Released on July 28, 2022
With many planning to visit one of our provincial parks over the August long weekend, the Government of Saskatchewan is asking motorists to drive safely and slow down through the work zone.
"We want everyone to have a safe and enjoyable holiday weekend," Highways Minister Jeremy Cockrill said. "By slowing down and obeying signage in work zones we can ensure that drivers and workers all get home safely at the end of each day."
Drivers should obey all signs and flag persons in work zones and slow to 60 km/hr. Even if workers aren't present, drivers should obey signs, stay alert and slow to 60 km/h through work zones. Work zones can contain hazards that may not be easy to see, like sharp pavement drops or loose stones which require you to slow down.
Speed fines are tripled in Saskatchewan when workers are present. Fines start at $210 and increase by $3 for every km/hr over the speed limit, up to a speed of 90 km/hr, and $6 for every km/hr over 90. A driver who speeds through a work zone at 100 km/hr will be issued a fine of $450, plus a victim surcharge of $80, for a total of $530.

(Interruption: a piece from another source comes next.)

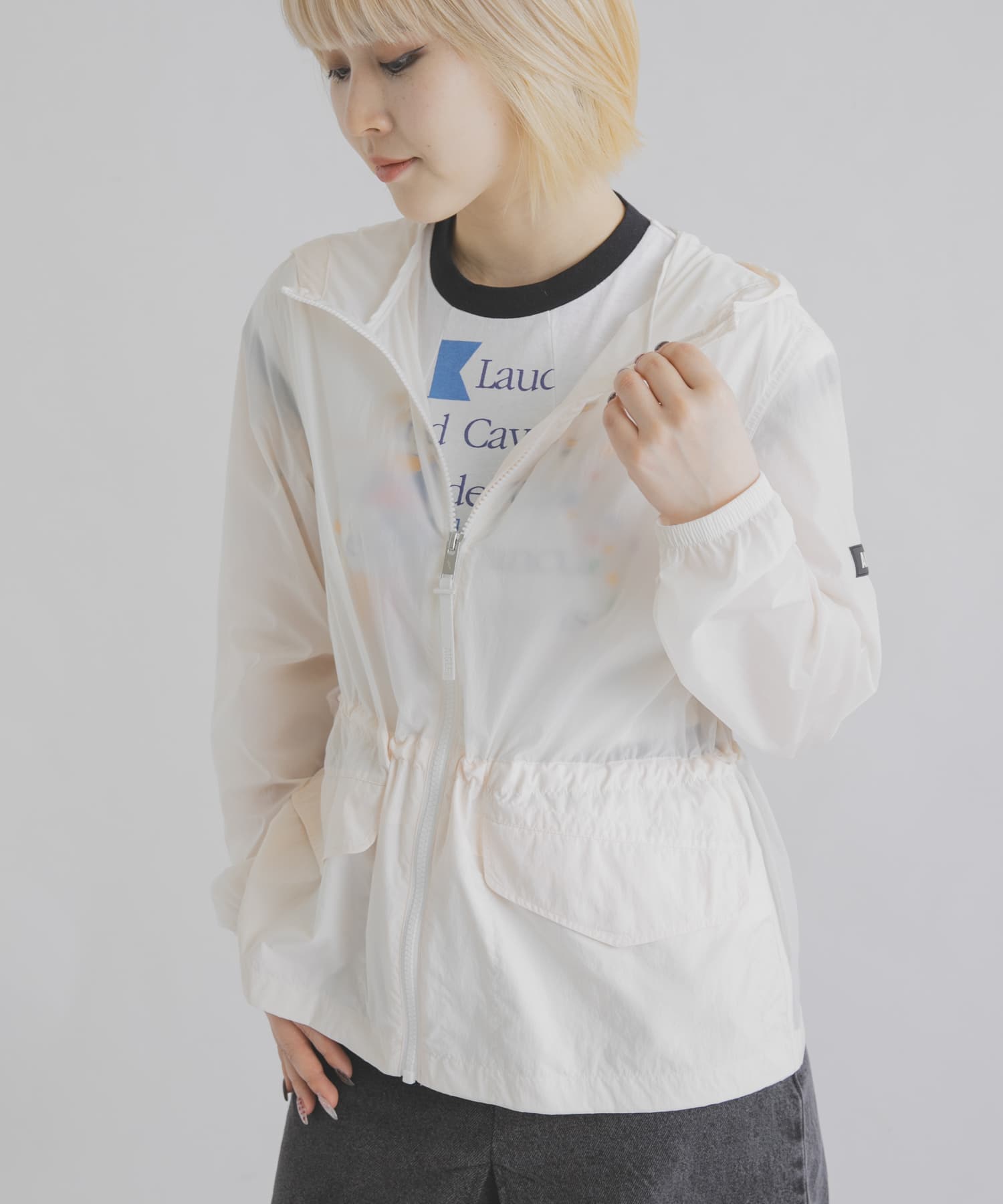 身長 : 156cm サイズ : 38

There are several tools to help you plan your travel including active work zones potentially in your path. These include:
- A weekly highway construction update published on www.saskatchewan.ca/residents/transportation/highway-construction-projects/weekly-highway-construction-update to provide the travelling public with the latest details on projects underway to help plan safe and efficient travel.
- The Highway Hotline at www.saskatchewan.ca/highwayhotline for up-to-date information on construction, emergency road closures, the status of ferries, barges and other road activities.
- Highway information is also available by phone by dialing 511.
The Ministry will improve more than 1,100 km of provincial highways this year, putting us on track to exceed the Growth Plan goal to build and upgrade 10,000 km of highways over 10 years.
The Government of Saskatchewan has invested more than $11.5 billion in highways since 2008, improving more than 18,400 km of Saskatchewan roads.